Here is the code I am using to benchmark.

import dgl
import torch as th
import dgl.ops as F
import time
import csv

cpu_dry_run = gpu_dry_run=3
cpu_benchmark_run =gpu_benchmark_run = 10

f = open('./result_dgl_test.csv', 'w')
writer = csv.writer(f)
writer.writerow(["feature size","total nodes num", "num edges","CPU Time","GPU Time"])

feature_size_list = [1,2,4,8,16,32,64,100,128,200,256,300,400,512,1024]

nodes_num_list = [1000,10000,100000]
edge_num_factor_list = [1,2,3,4,5,6,7,8,10]


for edge_num_factor in edge_num_factor_list:
    for nodes_num in nodes_num_list:
        for feature_size in feature_size_list:
        
            # print(feature_size)
            src = th.randint(nodes_num,(nodes_num*edge_num_factor,))
            dst = th.randint(nodes_num,(nodes_num*edge_num_factor,))

            g = dgl.graph((src, dst))  

            y = th.arange(1, feature_size*nodes_num+1).float().view(nodes_num, feature_size).requires_grad_()
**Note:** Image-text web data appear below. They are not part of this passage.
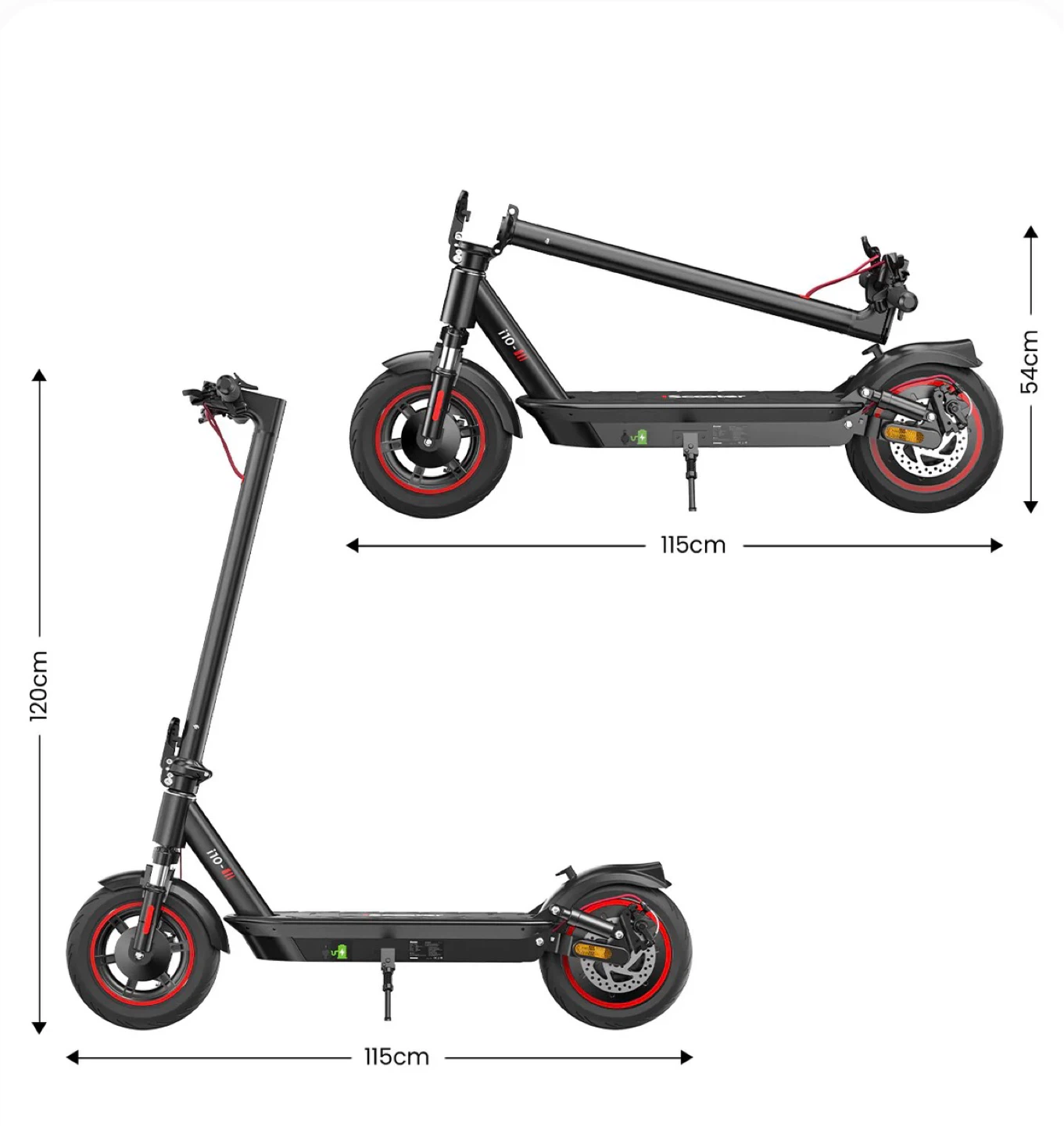 iScooter i10 Commuter Electric Scooter - photo 4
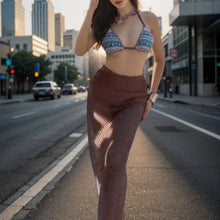 Load image into Gallery viewer, Fishnet Three-Piece Bikini & Dress Set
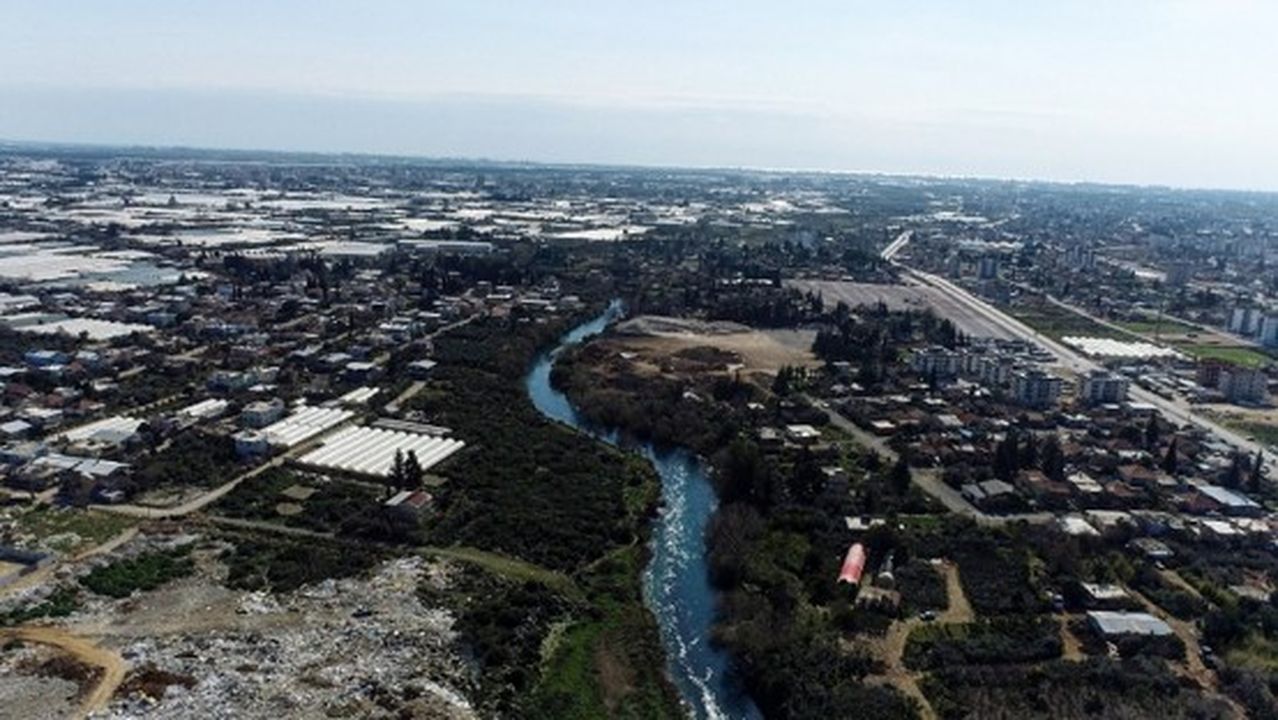 Antalya'da Düden Çayı'nın Kirleticileri Belirlendi 5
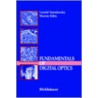 Fundamentals Of Digital Optics door Murray Eden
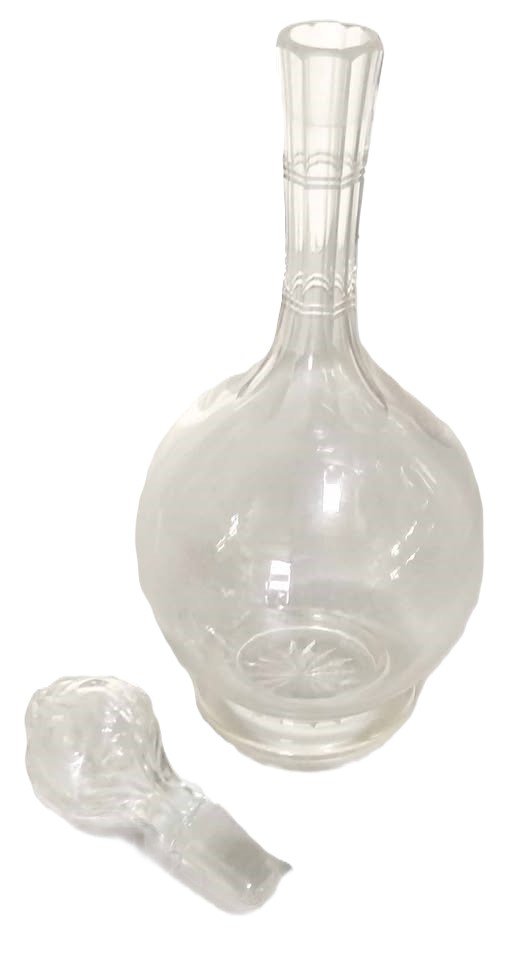 Early Victorian Cut Glass Decanter
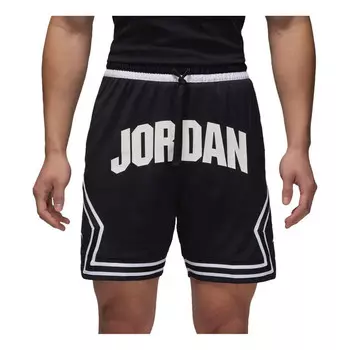 Шорты спортивные dri fit diamond баскетбольные шорты азиатские размеры Air Jordan, черный
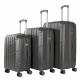 Aga Travel Zestaw walizek podróżnych MR4669 Szary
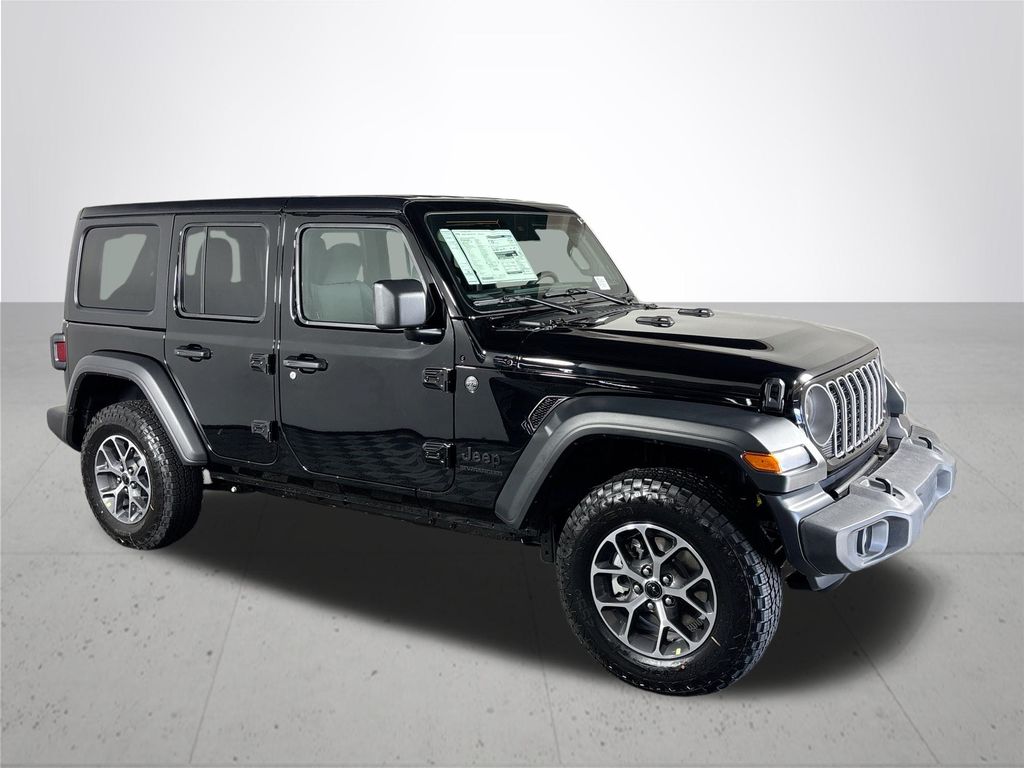 2025 Jeep Wrangler Sport S photo 4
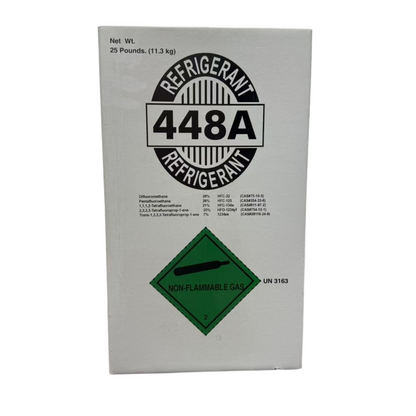 R448A Refrigerant Gas Cylinder 25 lb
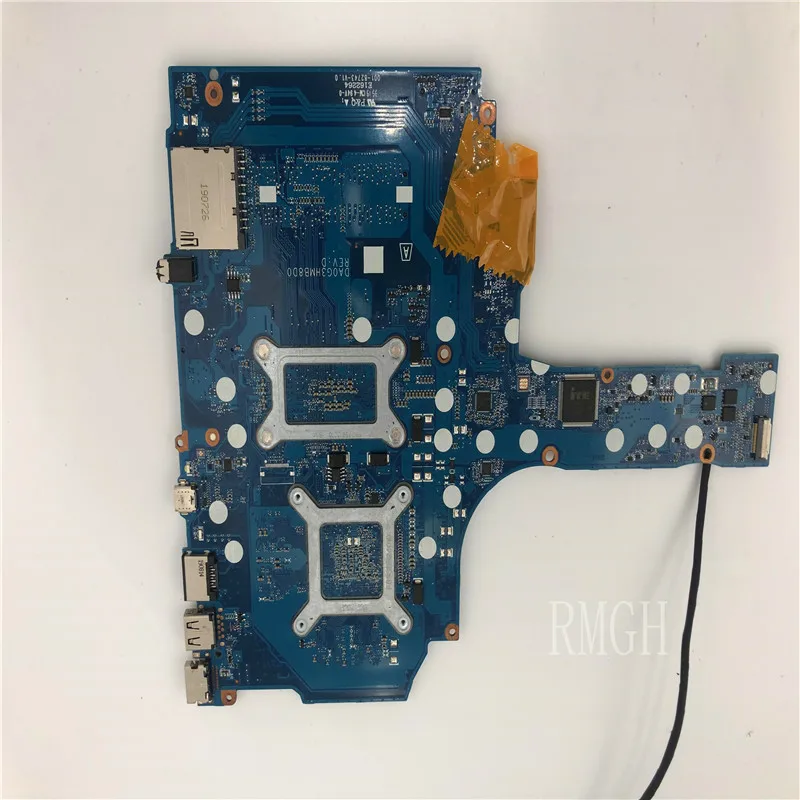 DA0G3HMB8D0 Original Genuine for hp pavilion 15-ec 15z-ec laptop Motherboard L71929-601 g3ha with cpu r5 3550h gtx16504gb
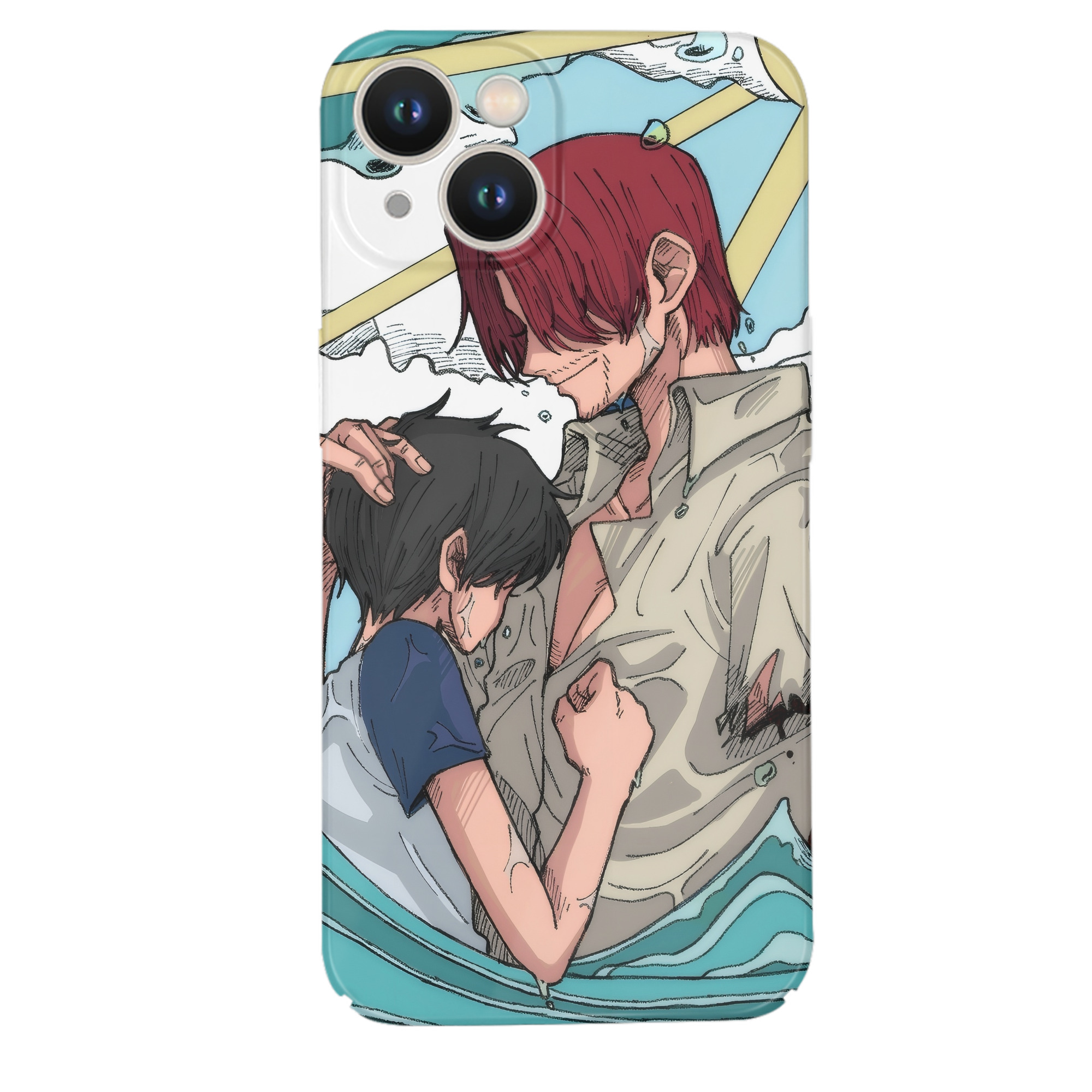 （画像用） ワンピース ONE PIECE 【iPhone 14シリーズ対応】ハードケース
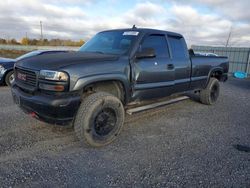 Salvage trucks for sale at Ottawa, ON auction: 2001 GMC Sierra C2500 Heavy Duty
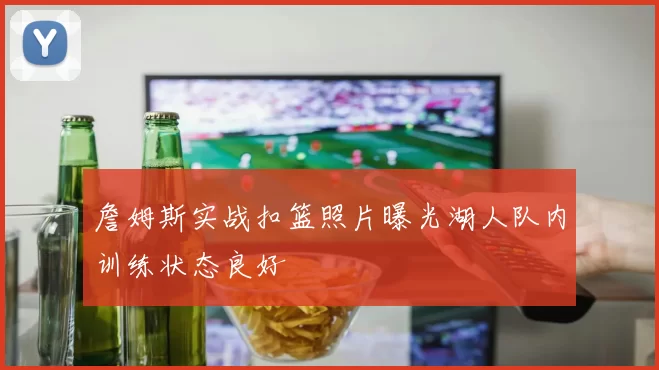 詹姆斯实战扣篮照片曝光湖人队内训练状态良好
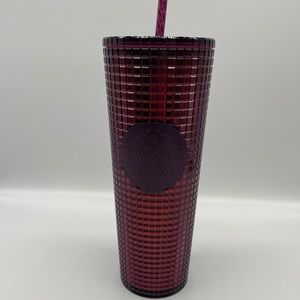 Starbucks Disco Berry Grid Venti Tumbler Cold 24oz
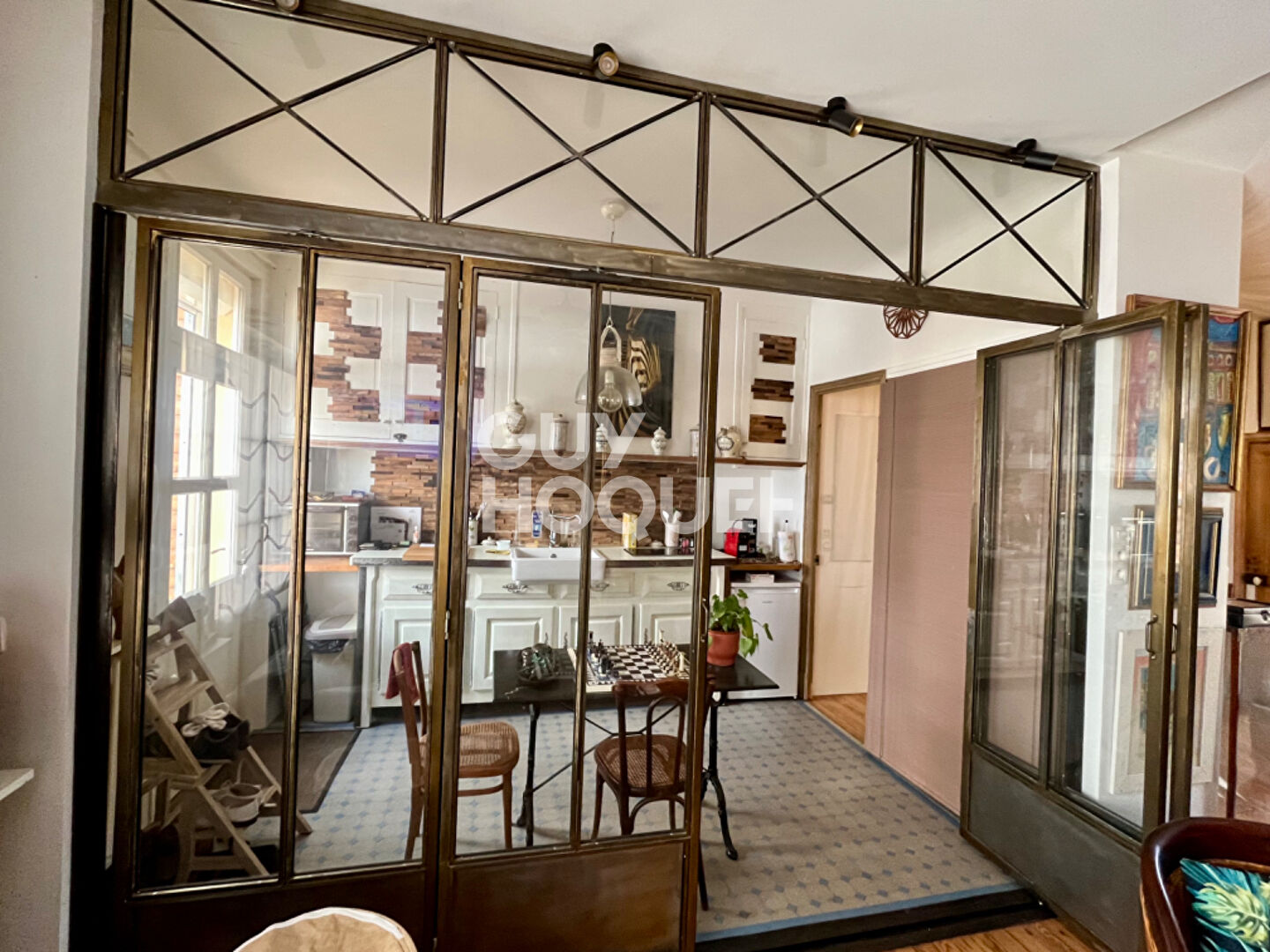 Appartement Toulouse Grand Rond 2/3 pièces 61.25 m²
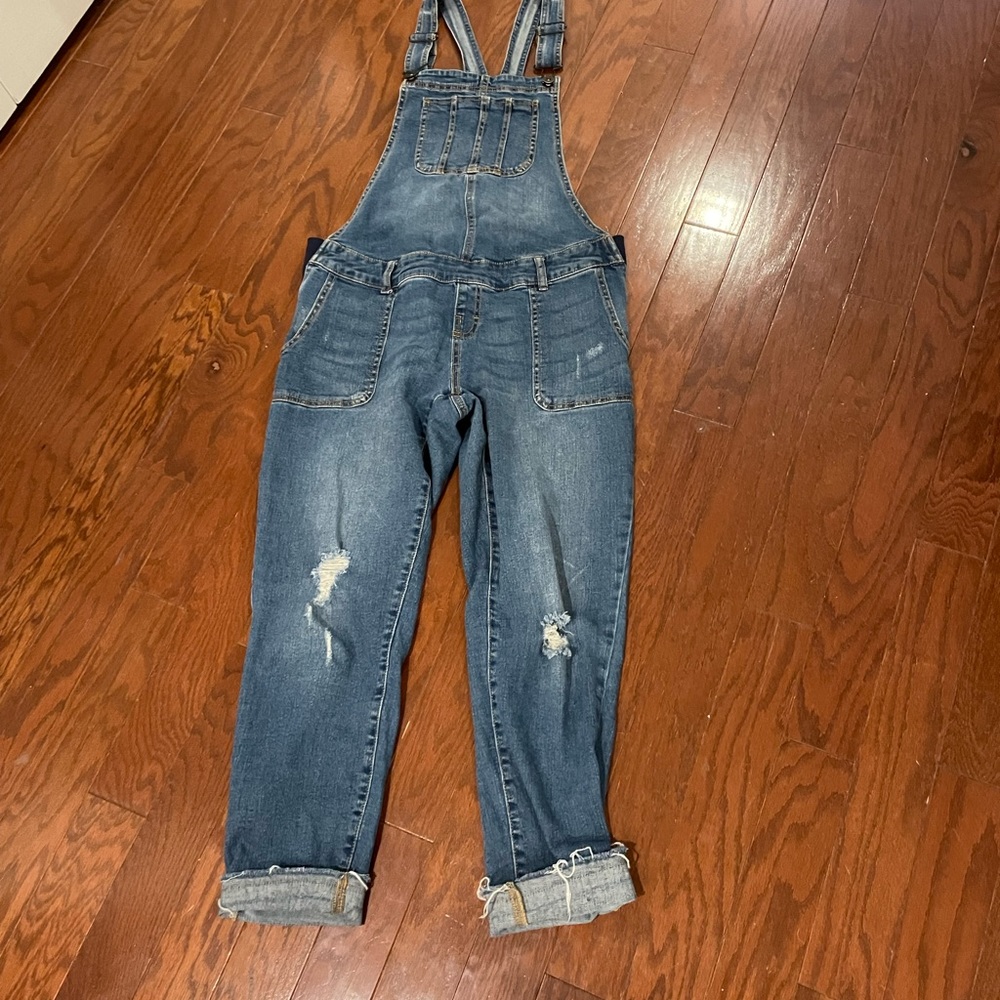 Maternity overalls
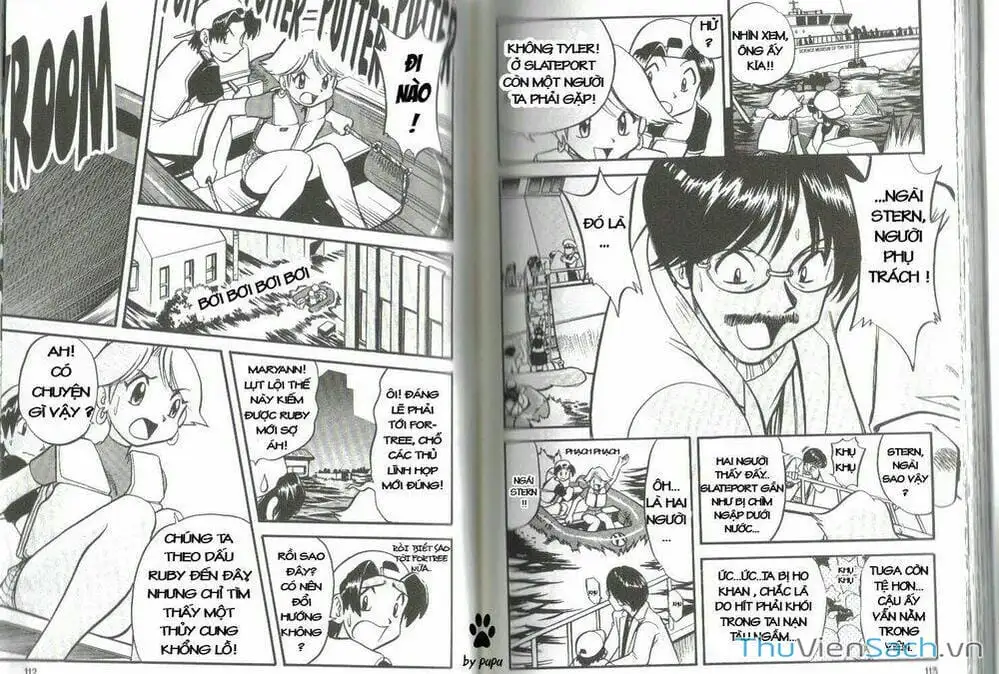 Truyện Tranh Thú Cưng Đặc Biệt - Pokemon Special trang 5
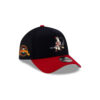Atlanta Braves Mascot A-Frame Snapback in Navy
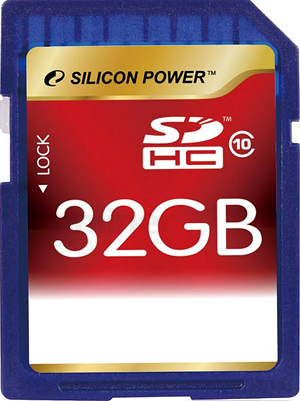 Карта памяти Silicon Power SDHC Class 10 32 Гб (SP032GBSDH010V10) Карта памяти Silicon Power SDHC Class 10 32 Гб (SP032GBSDH010V10)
            # measure the performance on cuda.
            g_cuda = g.to(th.device('cuda:0'))

            y_cuda = y.to(th.device('cuda:0'))
            th.cuda.synchronize()
            for i in range(gpu_dry_run):
                test_cuda=F.gsddmm(g_cuda,"dot",y_cuda,y_cuda,"u","v")
            th.cuda.synchronize()
            start = time.time()
            for i in range(gpu_benchmark_run):
                test_cuda=F.gsddmm(g_cuda,"dot",y_cuda,y_cuda,"u","v")
            th.cuda.synchronize()
            end = time.time()
            gpu_time_per_iteration = (end - start)/float(gpu_benchmark_run)
            print("gpu",gpu_time_per_iteration*1000," ms")

            for i in range(cpu_dry_run):
                test=F.gsddmm(g,"dot",y,y,"u","v")

            start = time.time()
            for i in range(cpu_benchmark_run):
                test=F.gsddmm(g,"dot",y,y,"u","v")
            end = time.time()
            cpu_time_per_iteration = (end - start)/float(cpu_benchmark_run)
            print("cpu: ",cpu_time_per_iteration*1000," ms")
            writer.writerow([feature_size,nodes_num,g.num_edges(), cpu_time_per_iteration*1000,gpu_time_per_iteration*1000])

f.close()

The error you hit is caused by unexpected num_nodes in graph.

Please specify the num_nodes explicitly like g = dgl.graph((src, dst), num_nodes=nodes_num).

If not given, num_nodes will be the largest node ID plus 1 from the [data] argument. Refer to dgl.graph — DGL 0.8.1 documentation for more details.

The way you used to create src/dst does not guarantee expected num_nodes is chosen.

Thanks! It makes sense. The random nodes array (src and dst) may not include the largest node ID, so the data array (y) may more nodes than nodes array.

After explicitly specify the number of nodes, the error goes away!